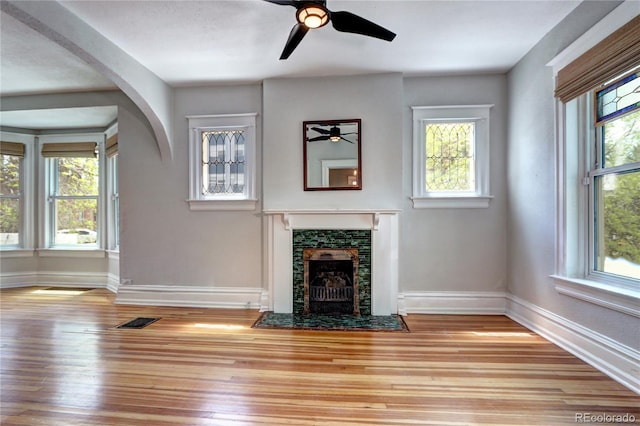 unfurnished living room with ceiling fan, healthy amount of natural light, a fireplace with flush hearth, and baseboards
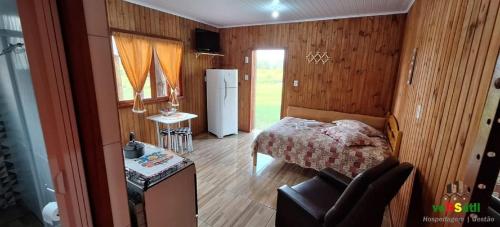 una piccola camera con letto e frigorifero di Chalézinho Bons Ventos Campestre no Sitio com Churrasqueira WI-FI a 6km da Estrada do Mar 7km Parque de Rodeio II 8,1Km Prefeitura II 7,2Km UFRGS Litoral II Taxi Fácil II Tranquilidade 12km Praias Tramandai a Osório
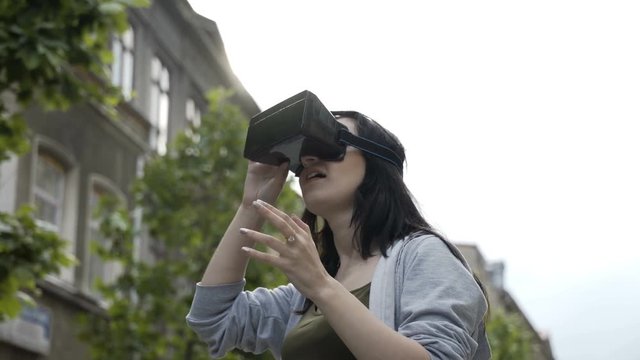 Pretty teenage girl astonished testing a virtual reality headset googles outdoor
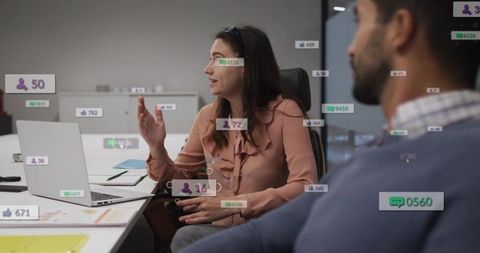 Businesswoman gesturing in boardroom during collaborative meeting with ar social overlays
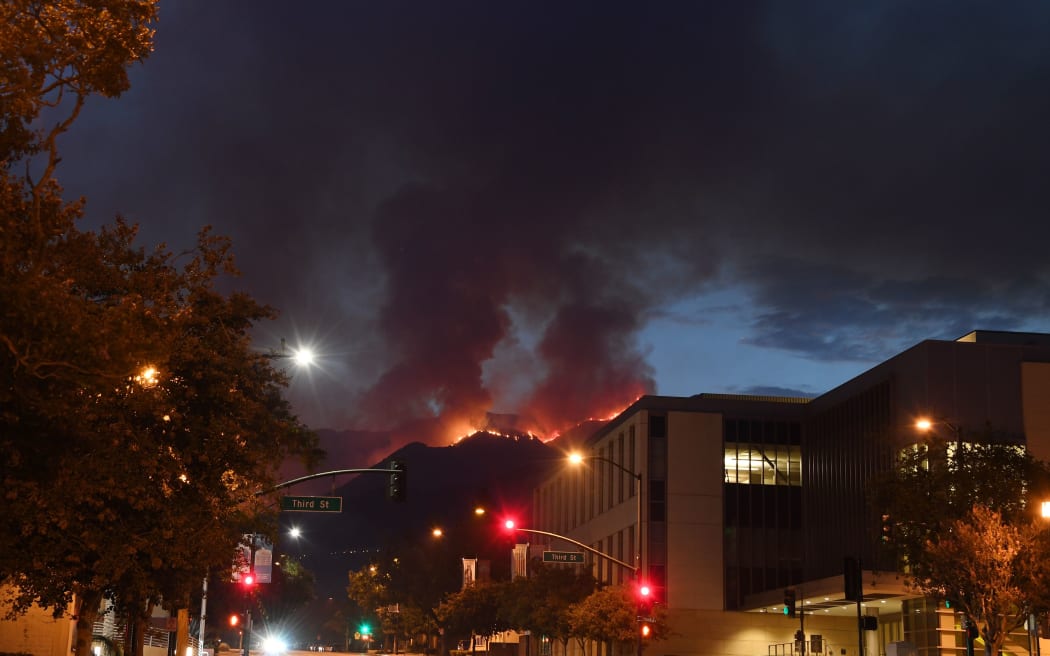 The La Tuna fire burns above downtown Burbank.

- WORK REQUEST:
The records above are to be restated exactly, without their pictures.

- RESPONSE FOR THIS EXERCISE:
 unfurnished living room with ceiling fan, healthy amount of natural light, a fireplace with flush hearth, and baseboards
 una piccola camera con letto e frigorifero di Chalézinho Bons Ventos Campestre no Sitio com Churrasqueira WI-FI a 6km da Estrada do Mar 7km Parque de Rodeio II 8,1Km Prefeitura II 7,2Km UFRGS Litoral II Taxi Fácil II Tranquilidade 12km Praias Tramandai a Osório
 Pretty teenage girl astonished testing a virtual reality headset googles outdoor
 Businesswoman gesturing in boardroom during collaborative meeting with ar social overlays
 The La Tuna fire burns above downtown Burbank.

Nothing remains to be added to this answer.